All lines from the one that contains "coisaslindas.com — Shopify" to the end of the data must be retyped exactly. Pictures are not retyped.

★ ★ ★ ★ ★

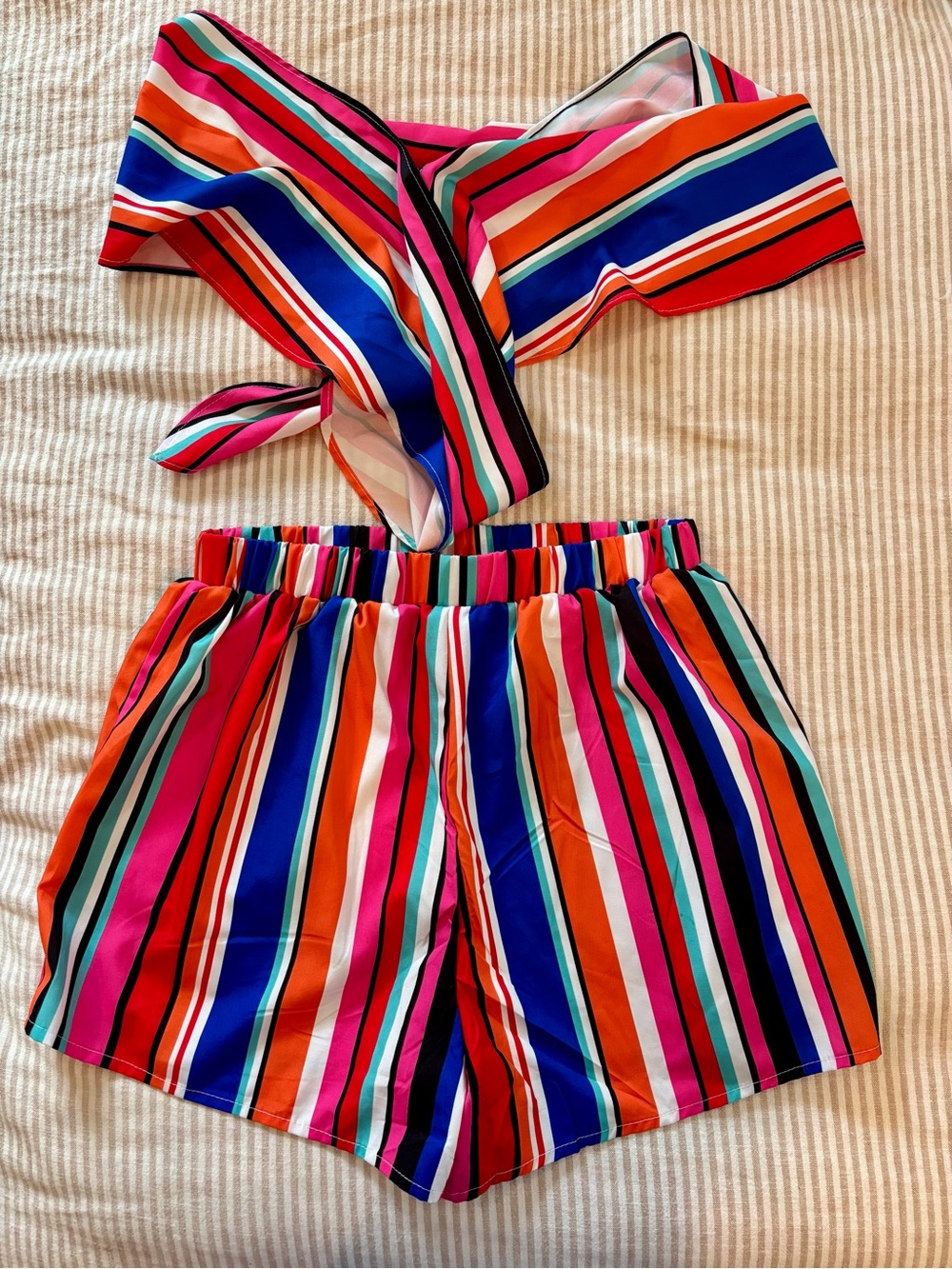 SHEIN Multicolor High Waist Striped Shorts - Pink Blue Orange Black White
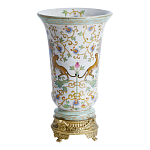 Ваза из фарфора на бронзовом основании Turquoise Blooming Garden варинант исполнения - 2 | Loft Concept в Твери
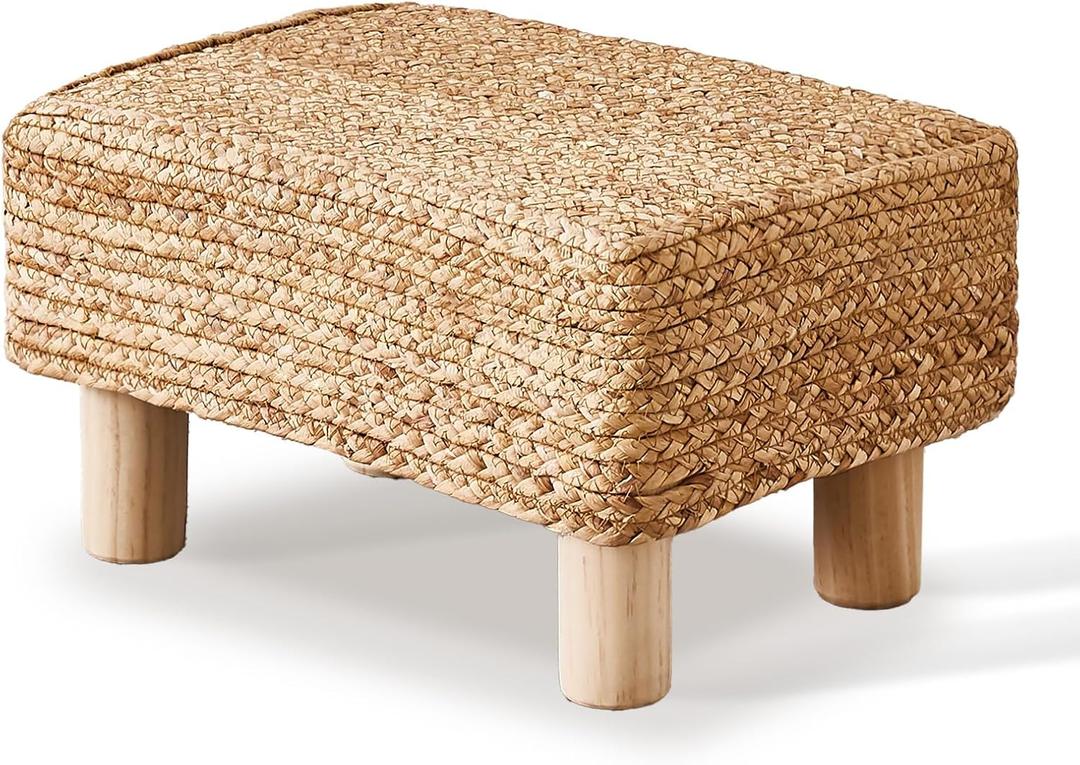 Wimarsbon Natural Seagrass Footstool Ottoman Rectangular Footrest Pouf Ottomans with Wooden Legs Hand Weave Step Stool for Living Room Bedroom Entryway Natural, Pouf 16"x12"x6"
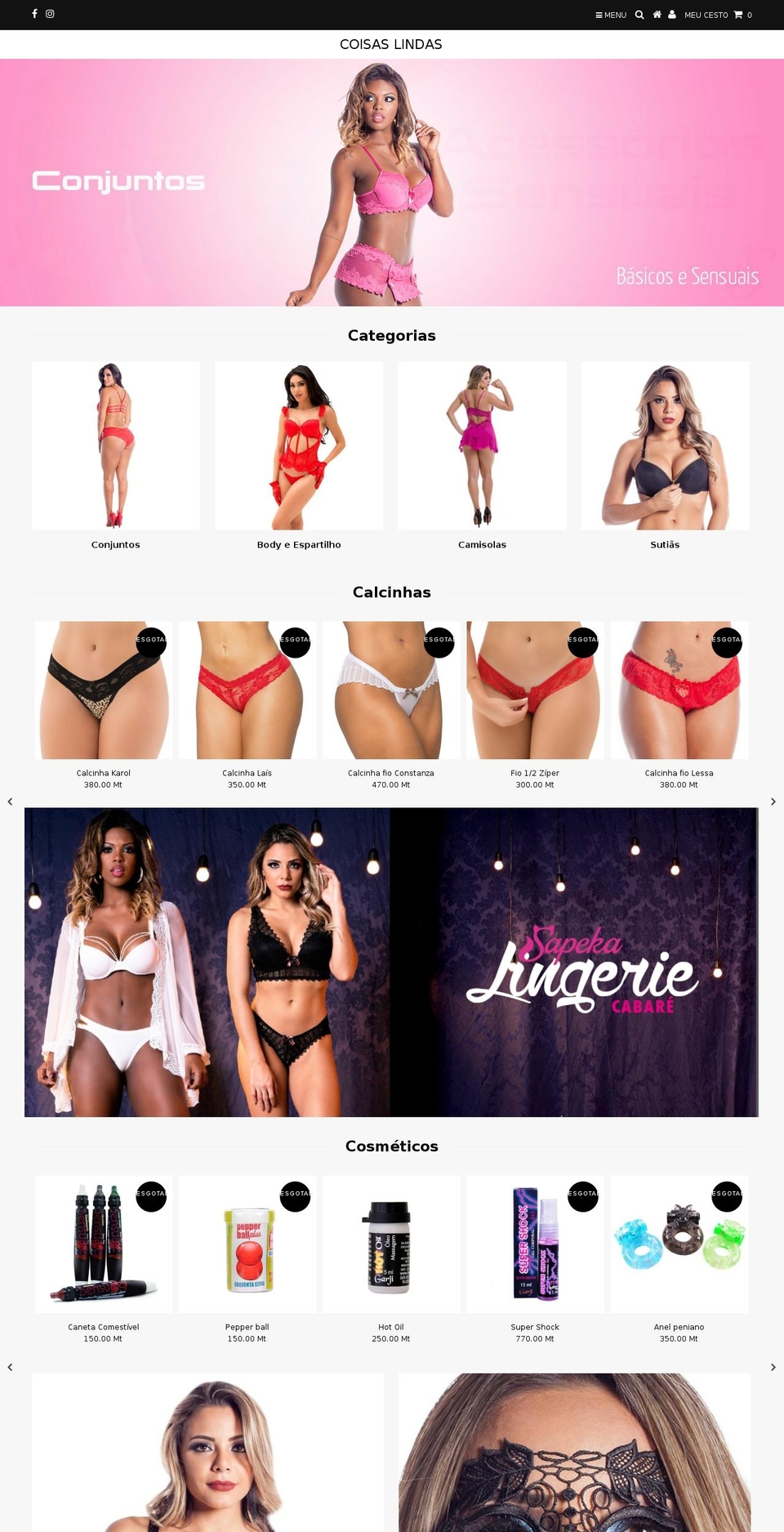 coisaslindas.com — Shopify storefront screenshot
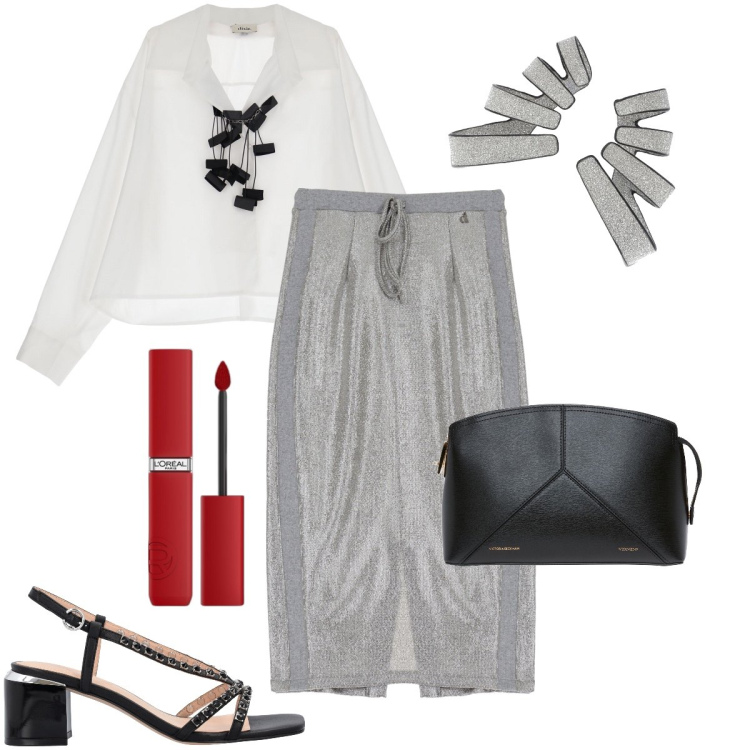 Outfit donna - Il collier a contrasto. Stile Chic per Serata fuori. Abbinamento con rossetti, sandali in pelle, gonne longuette, camicie, orecchini, clutch.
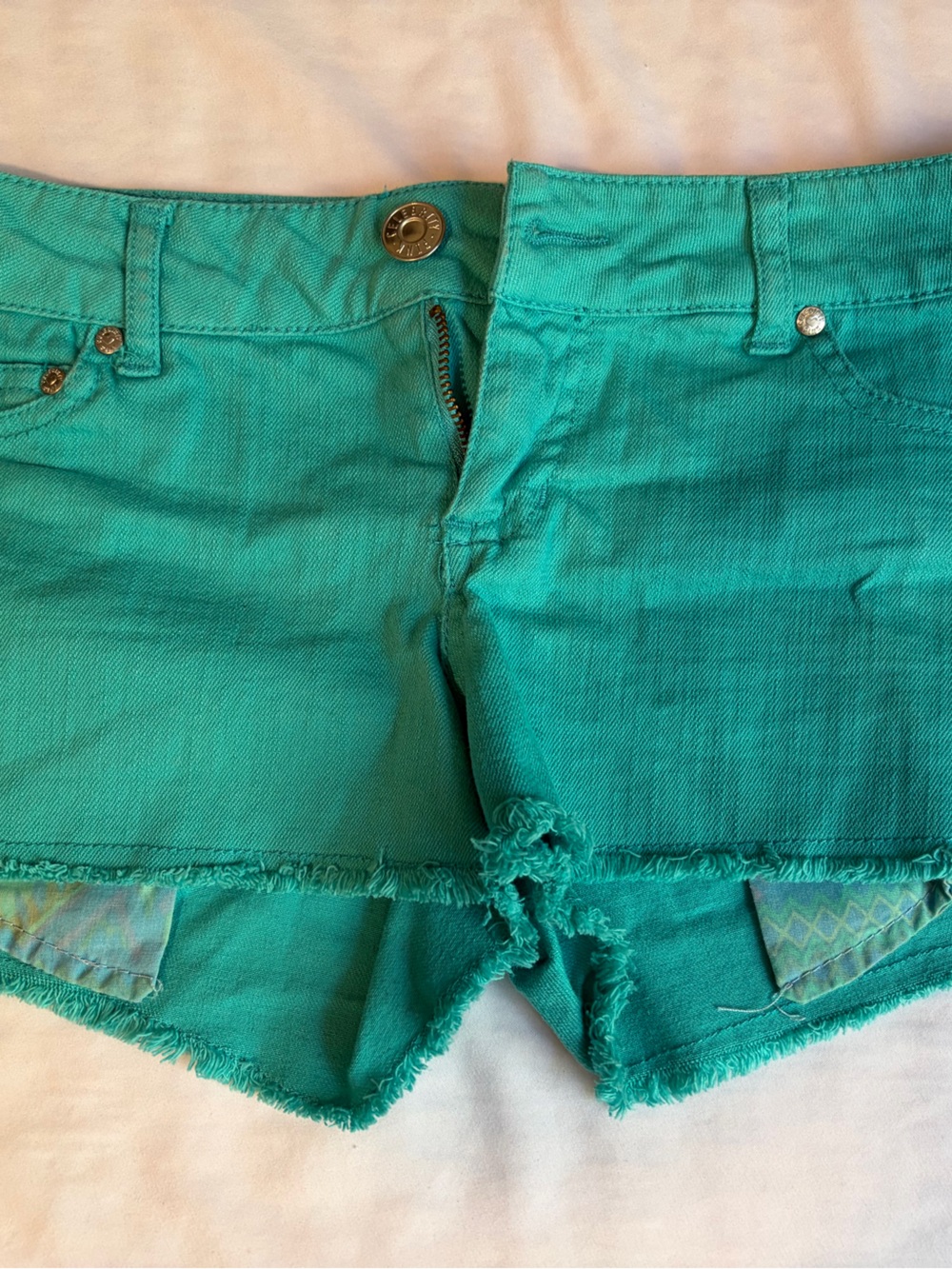 Celebrity Pink Teal High-Waist Frayed Hem Shorts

★ ★ ★ ★ ★

* **OUTPUT FOR THIS TASK**
 coisaslindas.com — Shopify storefront screenshot
 Outfit donna - Il collier a contrasto. Stile Chic per Serata fuori. Abbinamento con rossetti, sandali in pelle, gonne longuette, camicie, orecchini, clutch.
 Celebrity Pink Teal High-Waist Frayed Hem Shorts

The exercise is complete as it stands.